Our food had arrived, but he didn't pause to eat, just kept staring off, serious now. I struggled to make sense of the way he changed as he spoke. With each word, he seemed more dangerous, more real, more certain, as if there was nothing he couldn't face.
“We used to dress up nice when we did a job, that way no one would suspect us. People think the poor are criminals. We'd just go in and ask to look at the jewelry, then hold them up. I sold it all to some guys I knew in the mob. They didn't give us much, but jewelry stores were easier than banks. There was almost never security.
“Anyway, when I pulled my gun on this guy, he grabbed his. I almost shot him. There was at least a second—and that's a long time—when we stood with our guns pointed at each other. I saw he wasn't going to shoot. I don't know how I knew. I told him I would kill him. He had his gun aimed at my chest, but I had mine to his head and that's scarier. I asked if he was ready to die, and he put the gun down.”
He studied me now, maybe wondering why he was telling this, what it meant. I wished he was still the person he'd been, the one he seemed to be when he spoke. My heart had sped up just hearing the story.
“I don't talk about this anymore,” he said. “I barely think about it. But that was a crazy moment. I thought I'd shoot him. If you kill someone, the police don't give up on you the way they do when you pull a robbery. Insurance can't do anything for dead people.”

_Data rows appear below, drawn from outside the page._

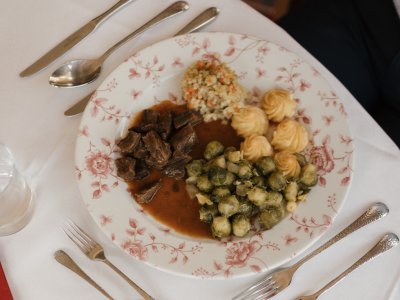 In unserem Restaurant können Sie sich auf feine, abwechslungsreiche Speisen freuen. Begleitet mit einem guten Wein und Abendstimmung in den Bergen lässt sich der Tag schön ausklingen.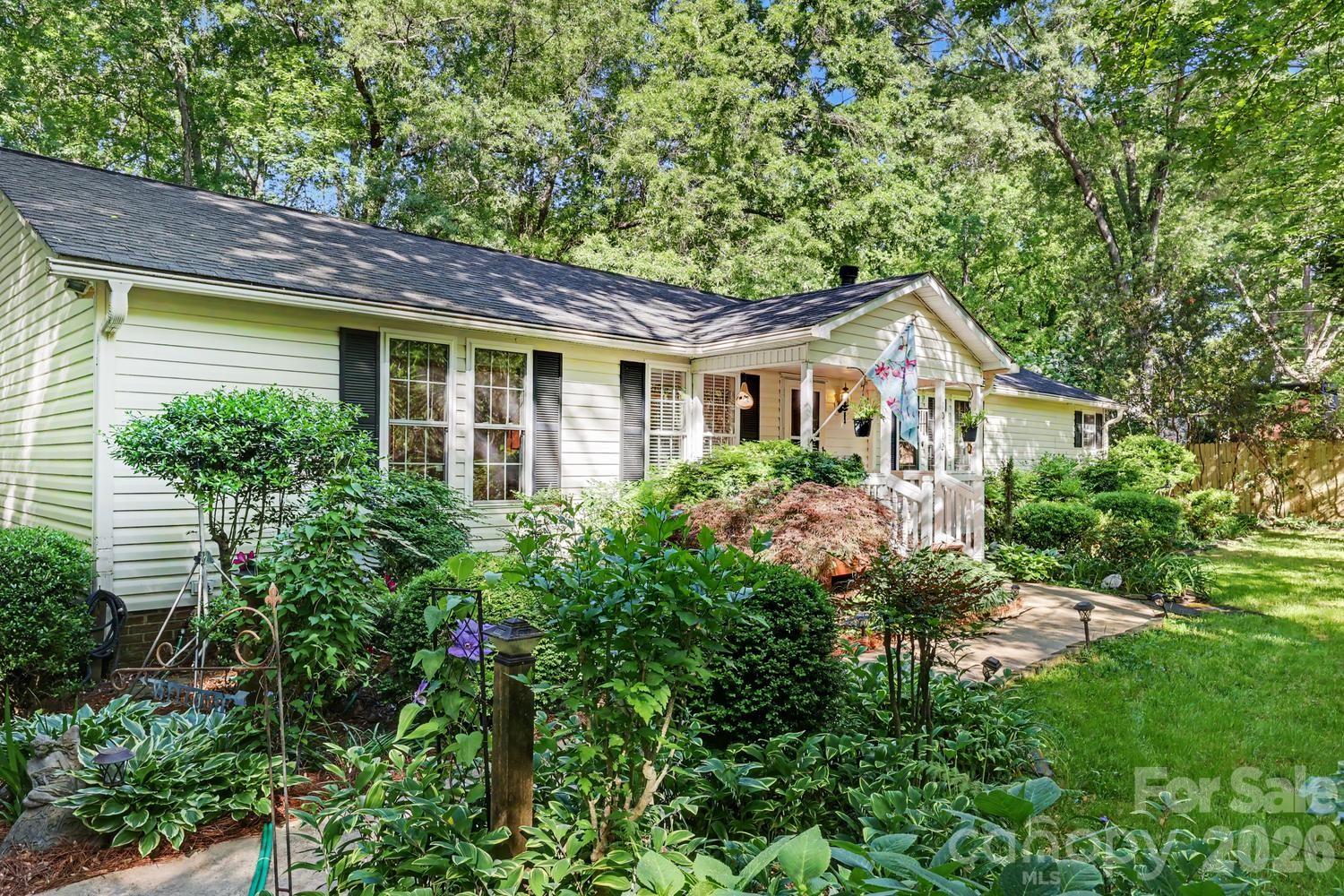 10112 Idlewild Road Matthews NC 28105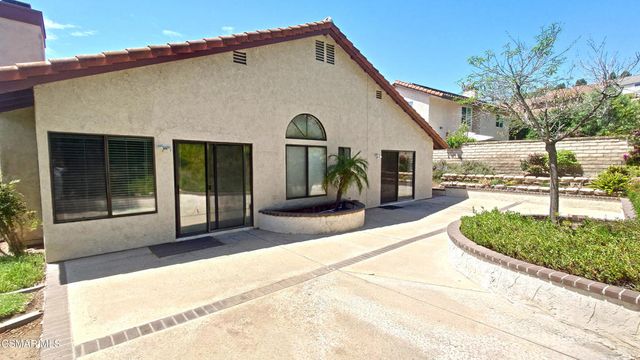 2500 Kensington Avenue, Thousand Oaks, CA 91362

Suddenly, I wasn't sure what I was looking for. I saw my mother's face
so clearly she might have been there. She'd said she trusted me. She'd written that my father charmed people, but there was nothing he wanted from me, and she'd been wrong about so much.
“You want me to tell you these stories?” he asked.
“Yes,” I said. “I love them. I want to hear them all.”
He nodded. “I remember getting the paper the next day. The guy described me as over six feet tall and dark. I thought that was funny. It's amazing what fear will make you see.”
“Do you miss it?” I asked.
“Sometimes.” His expression softened. “You'd be good at crime. It takes people with nerves. But you have to want that feeling. I don't know why I did. I just did. I was so angry. When I was growing up, we were so fucking poor. I didn't want to have a miserable life.”
All this made sense. It was how I'd felt in Virginia, why I'd come here.
Then he referred to the story I'd told him earlier, the one I thought he'd ignored, about trying to derail the train.
“I did things like that,” he said. “When I was a kid, some friends and I went into a work site and pushed a big roll of metal fencing over a hill. It could have killed someone. We didn't care. We just wanted something to happen. I remember, when I left Quebec, after I got out of prison, I was so angry. I was driving to Calgary, and I couldn't stop thinking how I'd never had a chance, just a shitty life. The angrier I got, the faster I drove. A police car came after me, and I couldn't stop. I knew that the longer I waited, the worse it'd be, that I was ruining my life, but I didn't care. I hated everyone. By the time I got to the city, there were three cop cars behind me. I drove over medians and through parking lots and yards, down sidewalks and alleys. People were jumping out of the way. I knew I couldn't escape. More police joined in, and we just kept going until I ran out of gas. By then I wasn't angry anymore. I was laughing. I couldn't stop laughing.